Peradilan Tata Usaha Negara (TUN) di Indonesia dimulai dengan lahirnya UU No  5 Tahun 1986 tentang Peradilan TUN. UU ini kemudian diubah dengan UU No 9 Tahun 2004, UU No 51 Tahun 2009, Pasal 47 UU No 5 Tahun 1986, sebagaimana telah diubah dengan UU No 51 Tahun 2009 tentang kompetensi PTUN dalam sistem peradilan di Indonesia.

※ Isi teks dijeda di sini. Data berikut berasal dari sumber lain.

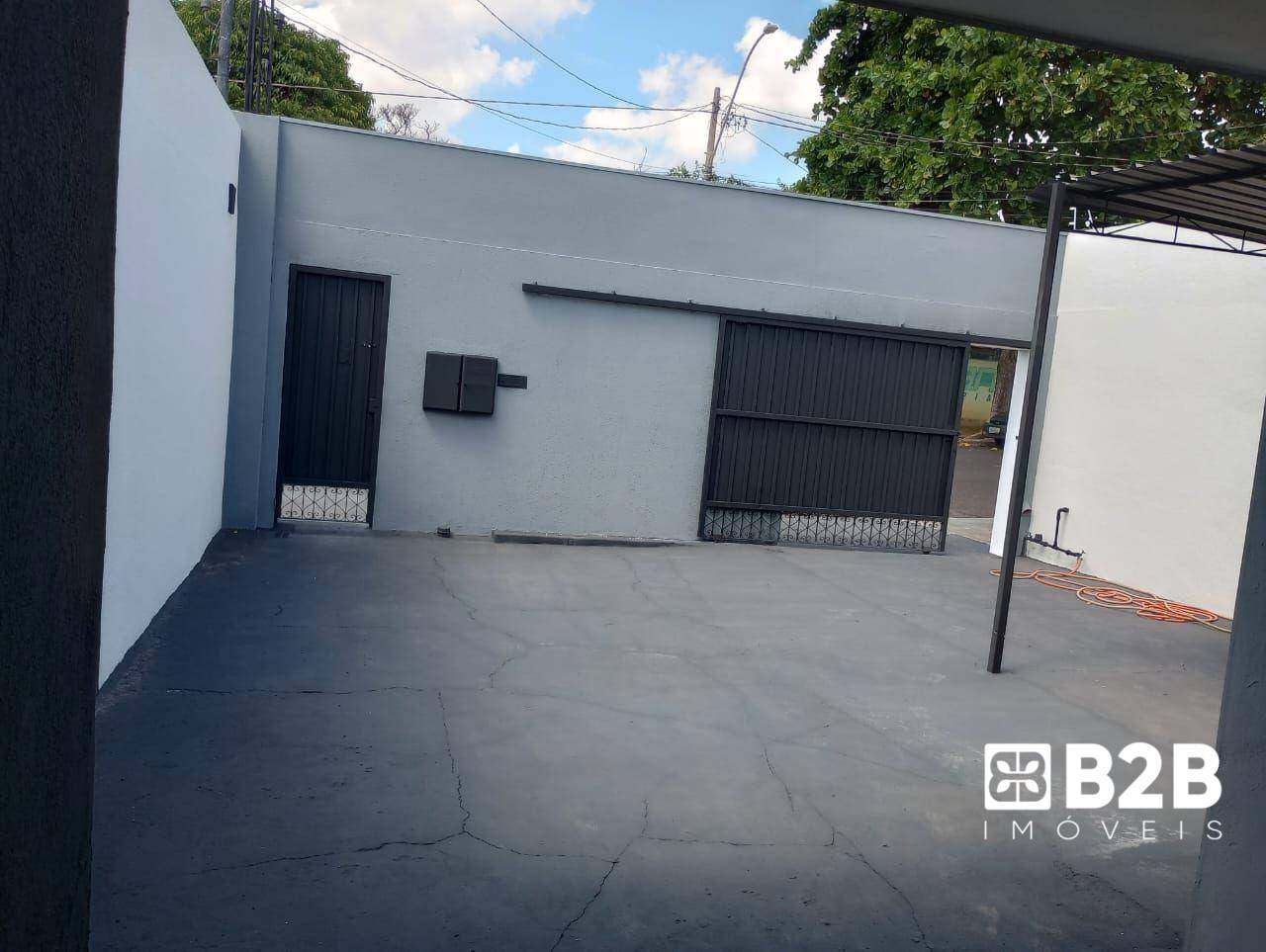 Casa à venda com 2 quartos, 178m² - Foto 8
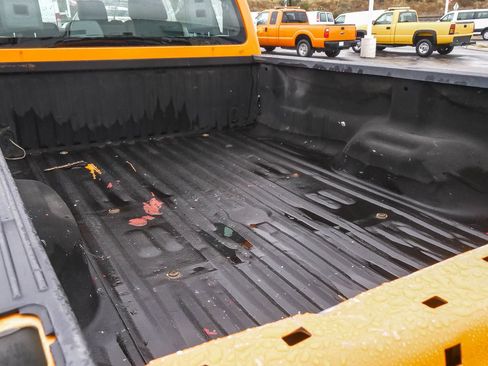 Used 2012 Ford F250 XL w/ Camper Pkg RWD image 19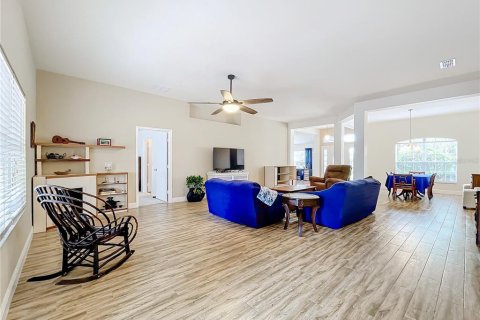 Casa en venta en Eustis, Florida, 4 dormitorios, 236.44 m2 № 1845167 - foto 4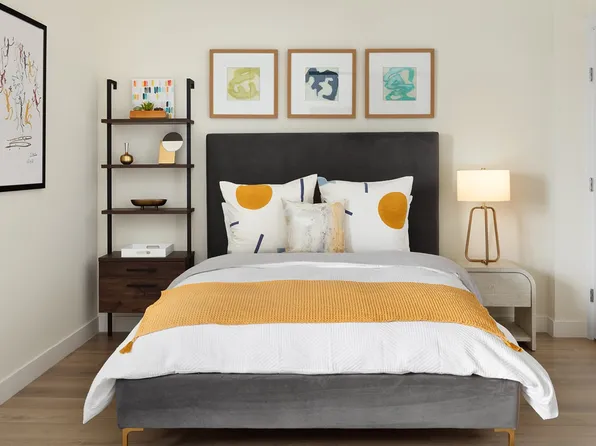 805 Harbor Boulevard image 17 of 61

Dikutip dari bpk.go.id kompetensi tersebut untuk memeriksa, memutus, dan menyelesaikan sengketa TUN. Ciri-ciri sengketa TUN adalah, pihak yang bersengketa menurut pasal 1 angka 10 UU No 51 tahun 2009 adalah, orang atau badan hukum perdata dengan badan atau pejabat TUN baik di pusat maupun di daerah, sebagai penggugat dan tergugat.

Penggugat adalah orang atau badan hukum perdata yang merasa kepentingannya dirugikan oleh keputusan TUN.  Sedangkan tergugat adalah badan atau pejabat TUN yang mengeluarkan keputusan berdasarkan wewenang atau yang dilimpahkan kepadanya.

Keputusan TUN adalah suatu penetapan tertulis yang dikeluarkan oleh badan atau pejabat TUN yang berisi tindakan hukum TUN berdasarkan peraturan perundang-undangan yang berlaku, yang bersifat konkret, individual, dan final, yang menimbulkan akibat hukum bagi seseorang atau badan hukum perdata.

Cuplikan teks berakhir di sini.